It seems like the only hope for recent CS grads of ever getting a job is to start there own game companies.
@Hephaestic Just find some dead genre to revive, spread the word on various gaming forums, create something, and hope for the best.
@vokainen099
>It's difficult though to find a profitable niche.
Just think of some obscure, dead franchise that still has a cult-following, but little to zero chance of a revival or a series that changed drastically that the newer games look nothing like the older ones (like Ys with the bump combat system).
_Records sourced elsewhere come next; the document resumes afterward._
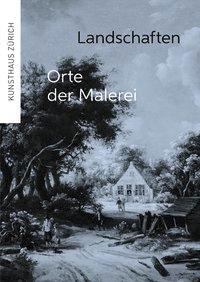 Cover: 9783858816917 | Landschaften - Orte der Malerei | Kunsthaus Zürich | Taschenbuch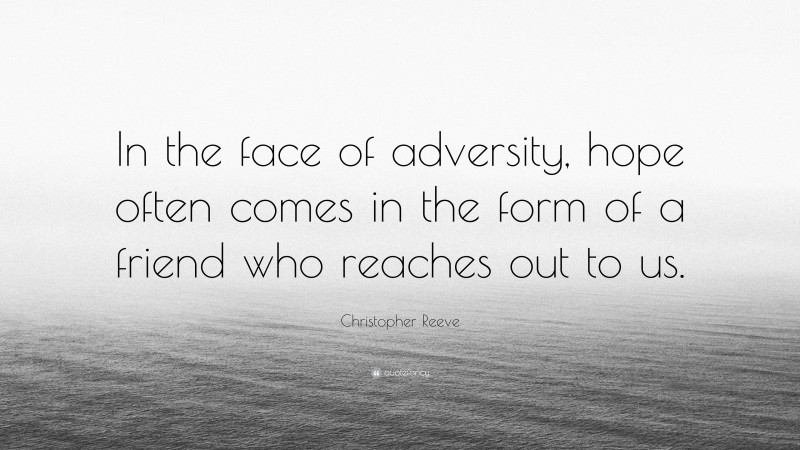 Christopher Reeve Quote: “In the face of adversity, hope often comes in the form of a friend who reaches out to us.”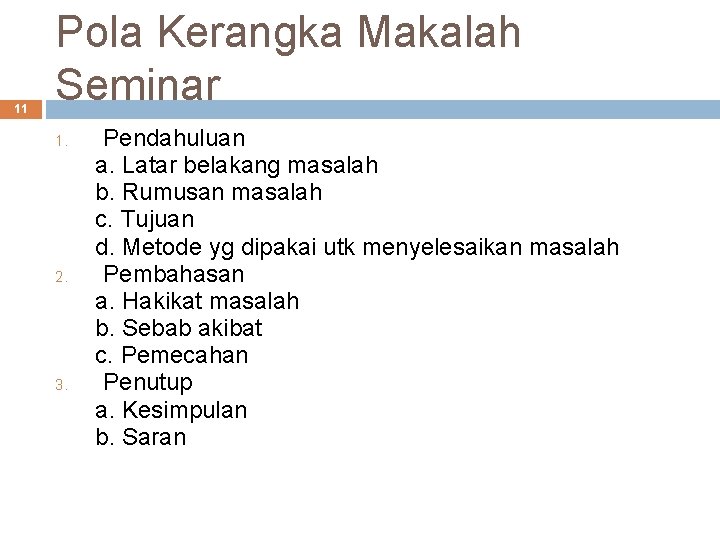 11 Pola Kerangka Makalah Seminar 1. 2. 3. Pendahuluan a. Latar belakang masalah b.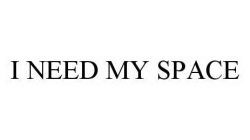 I NEED MY SPACE
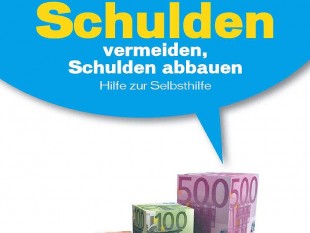 Ratgeber-Schulden-Schuldenberatung-Verschuldung-Überschuldung-Geld-Linde Verlag-Buch-Schulen-Haushaltsbudget-Konsum-Wohnen-Konsumenten-Pleite-Warnsignale-Wohnung-Auto-Versicherungsverträge-Kaufentscheidungen-Herausgeber-Thomas Berghuber-Peter Ko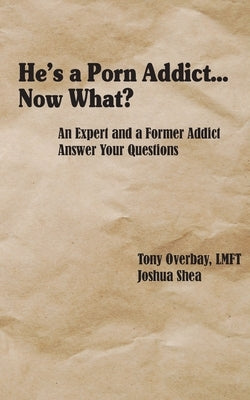 He's a Porn Addict...Now What?: An Expert and a Former Addict Answer Your Questions by Overbay, Tony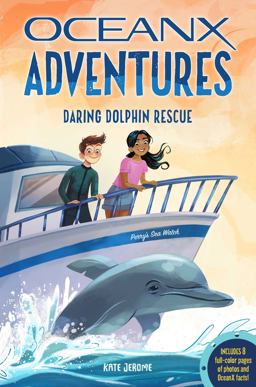 Daring Dolphin Rescue (OceanX Book 3)  9781681889108 Front Cover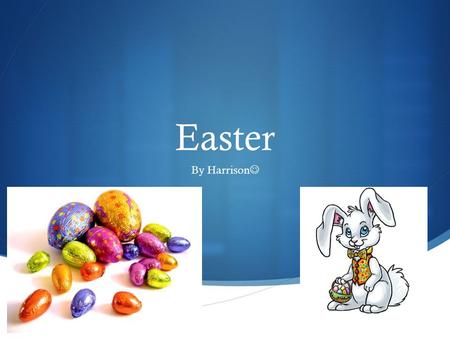  Easter By Harrison. Facts  Easter is a Christian festival and holiday celebrating the resurrection of Jesus Christ on the third day after his crucifixion.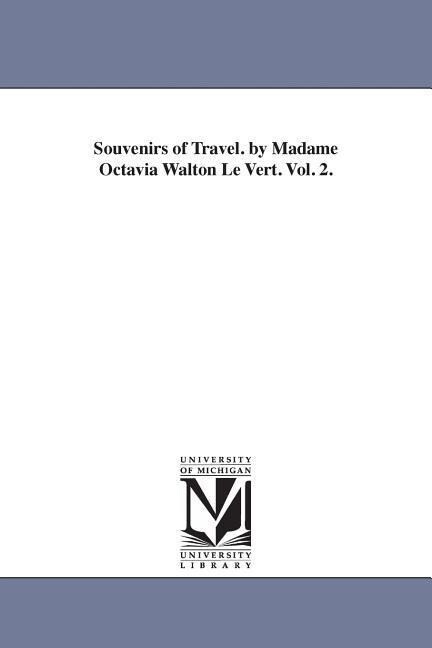 Souvenirs of Travel. by Madame Octavia Walton Le Vert. Vol. 2.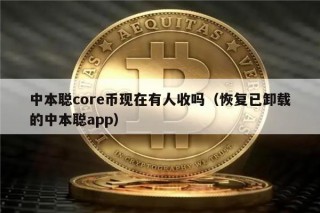 中本聪core币现在有人收吗（恢复已卸载的中本聪app）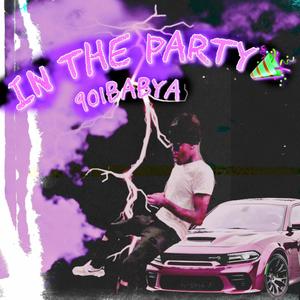 In The Party (Explicit)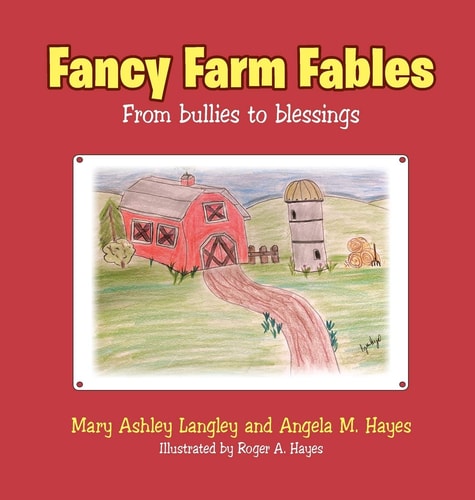 Fancy Farm Fables From Bullies to Blessings — Mary Ashley Langley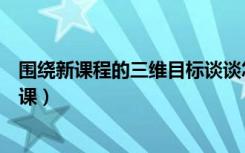 围绕新课程的三维目标谈谈怎样上好一堂课（怎样上好一堂课）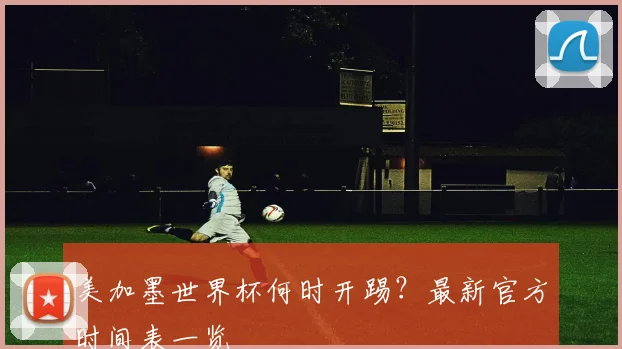 美加墨世界杯何时开踢？最新官方时间表一览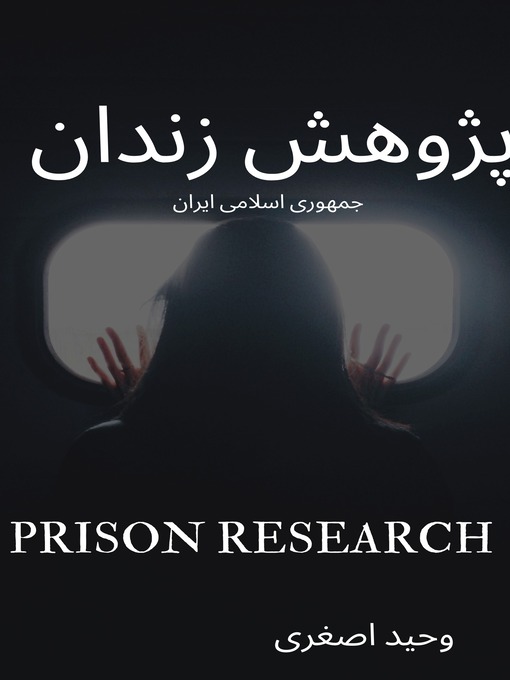 Title details for Prison Research by Vahid Asghari - Available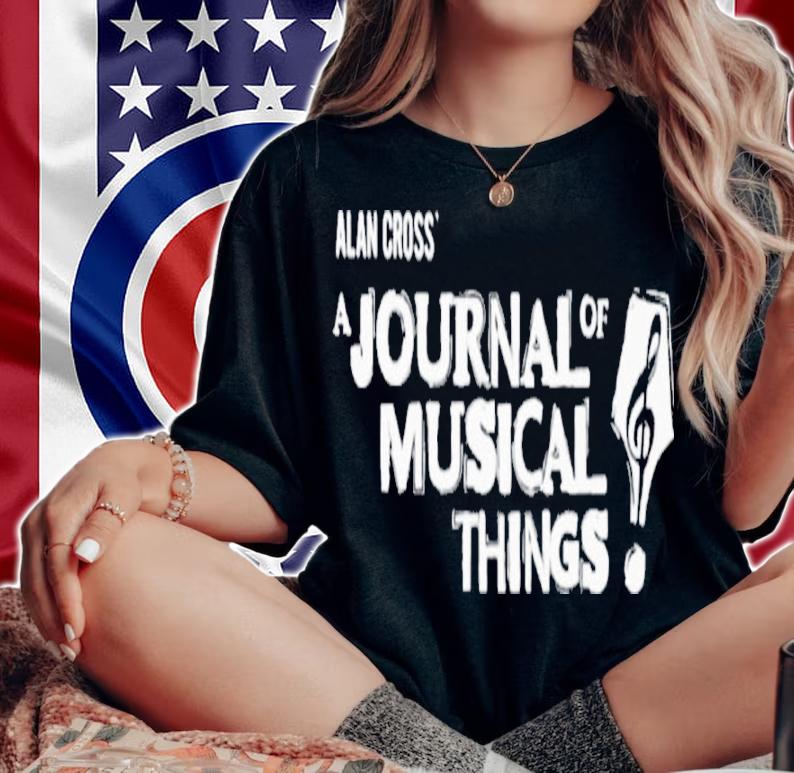 Alan Cross' a journal of musical things shirt t-shirt woman shirt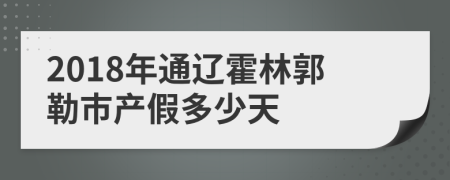 2018年通辽霍林郭勒市产假多少天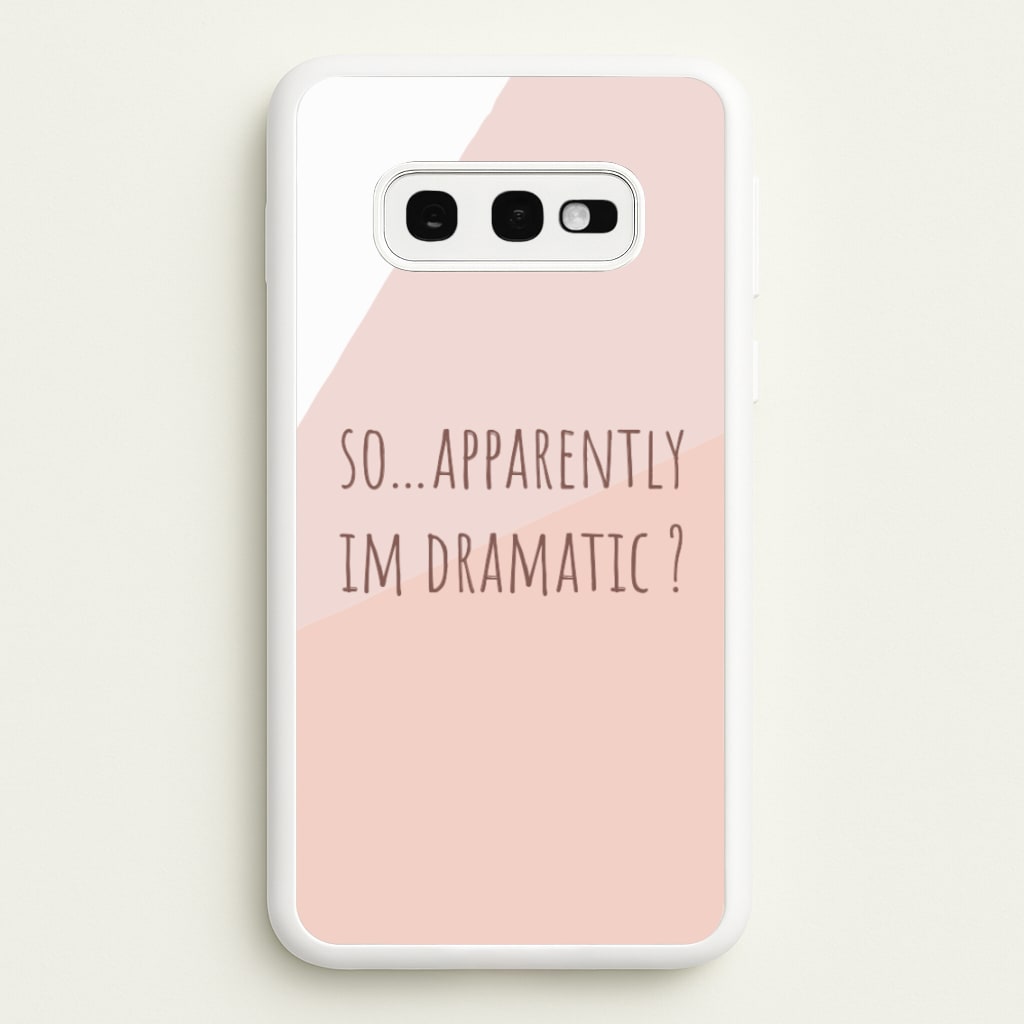 Apparently Im Dramatic - Sassy Quotes - Sassy Quotes Phone Case for Galaxy S10e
Another thing you can do is to try to port your games to more obscure platforms like BSD, Plan9, or Haiku. There is probably an untapped market of users who want to play something on there other than TuxRacer. It just like when indies were porting their games to Linux back in the late 2000s and early 2010s. Sadly, this option is if you write your games "from scratch", but luckily SDL pretty much runs on everything so if you just use that than this should be no problem.
@xianc78 At that point you might as well ditch the degree and save money to get your company off the ground.
Be honest: college is a scam especially in cases like computer science where they make you waste money and time on superfluous classes, and the only worthwhile thing you get out of it is maybe you'll get hired somewhere
This is genuinely something I've been struggling with for the last four or five years. I graduated in 2020 and spent 2 years living with my parents looking for work, which I found at a mindless data entry position only to get laid off 1.5 years later when the company - surprise! - slashed 25% of its workforce to reduce costs.
Meanwhile it seems like indie devs are having a lot of fun (those of them who aren't fags, at least) and they have roughly equivalent or better odds of making it big with some memetic idea.